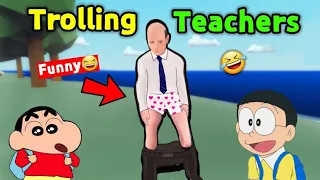 Shinchan and Nobita Became Bad Student 😂 || School ko Pareshan kar diya 😱 || Funny Game Bad Guys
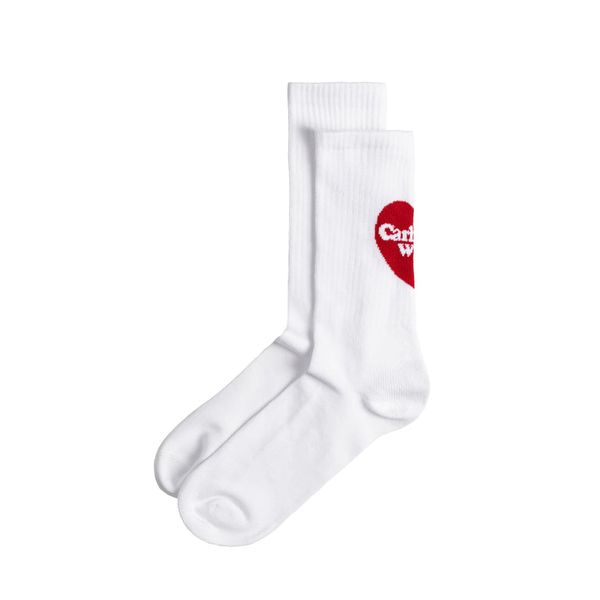 Шкарпетки Carhartt Heart Socks White I032118 фото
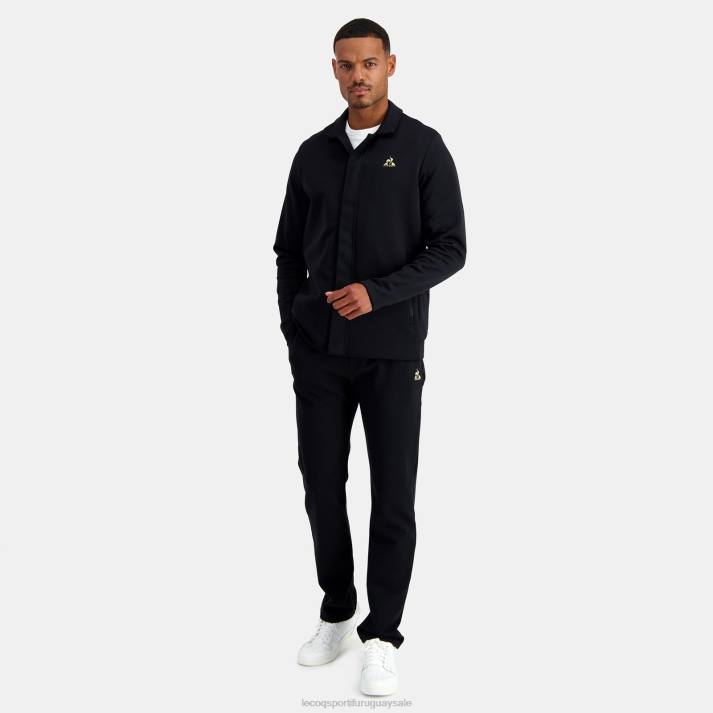 ropa XFVP73 hombres Le Coq Sportif chaqueta con cremallera negra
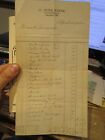 1936 St Saint Peter's Catholic Church School Report Cards Student Fees Invoice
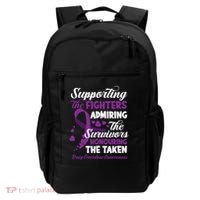 Support Fighters Honouring Taken Drug Overdose Awareness Backpack thumb 0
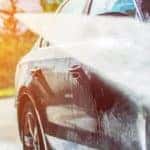 Washing Black Car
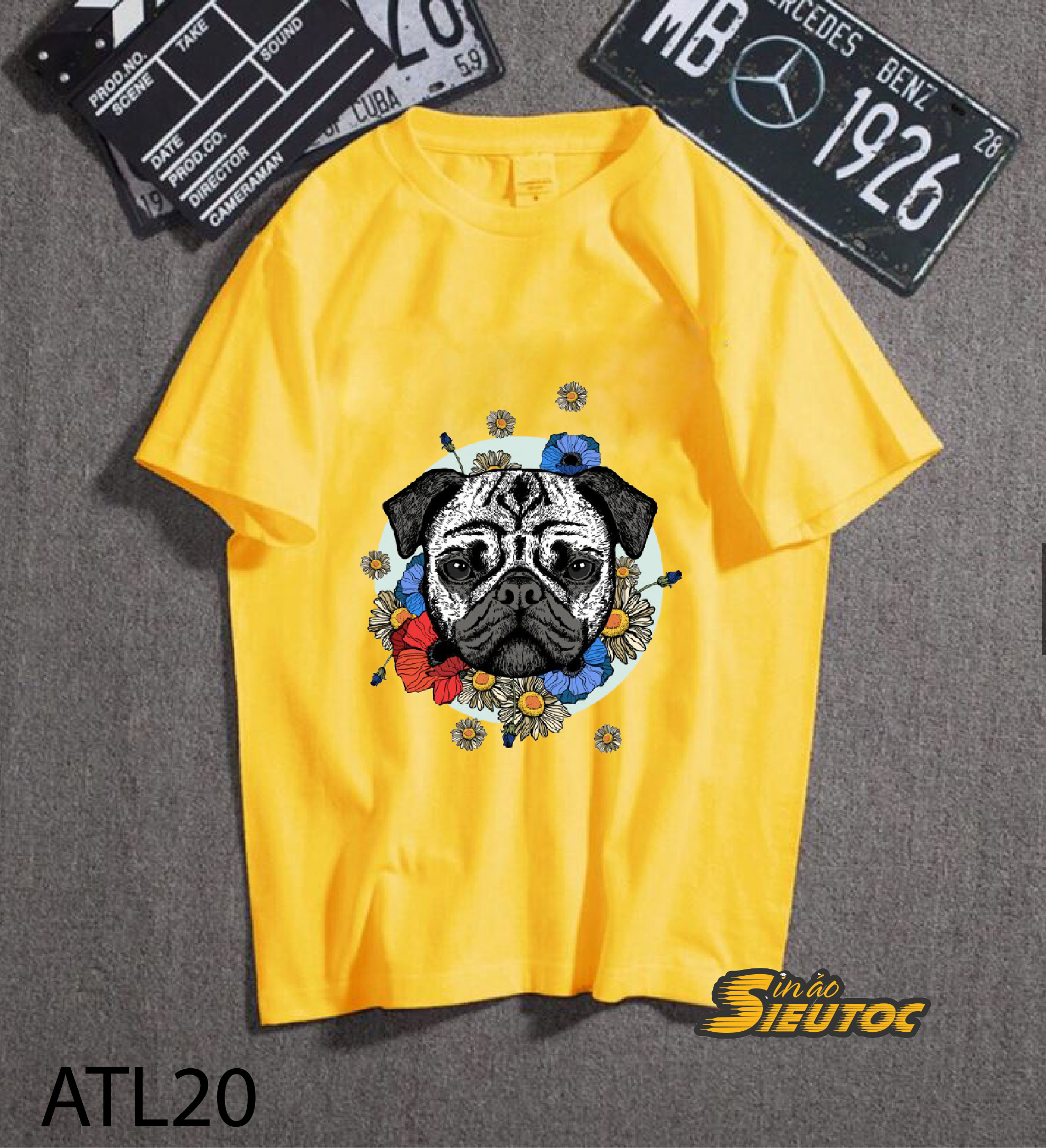 Áo In Hình Chó Pug Cute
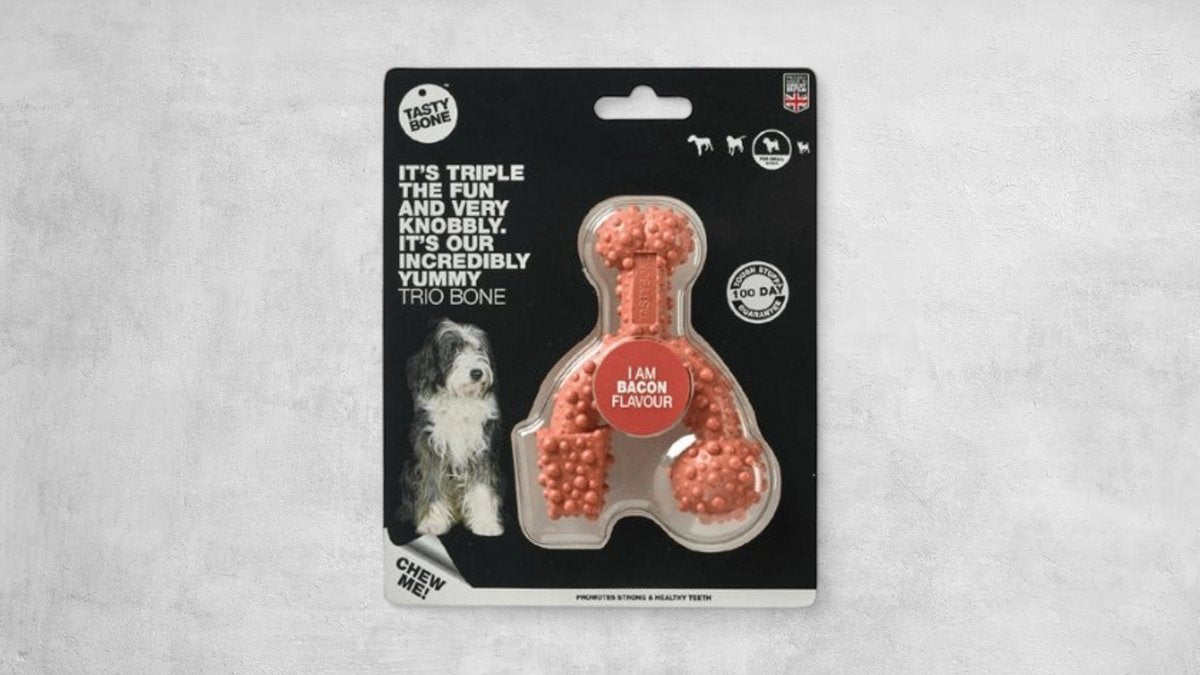 TastyBone Trio Bone Bacon For Small Dogs
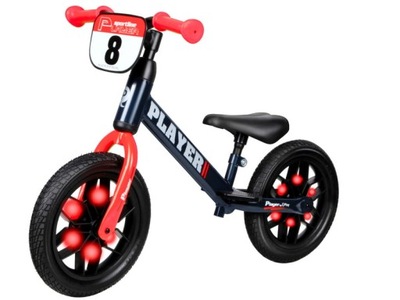 Rowerek biegowy QPLAY Player Czerwony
────────────────
» What the task requires: The answer must consist solely of the lines from the line containing "Шкарпетки Carhartt Heart" to the end of the data, reproduced exactly, with every picture left out.

» The completed task:
 Шкарпетки Carhartt Heart Socks White I032118 фото
 ropa XFVP73 hombres Le Coq Sportif chaqueta con cremallera negra
 1936 St Saint Peter's Catholic Church School Report Cards Student Fees Invoice
 Support Fighters Honouring Taken Drug Overdose Awareness Backpack thumb 0
 Washing Black Car
 Áo In Hình Chó Pug Cute
 TastyBone Trio Bone Bacon For Small Dogs
 Rowerek biegowy QPLAY Player Czerwony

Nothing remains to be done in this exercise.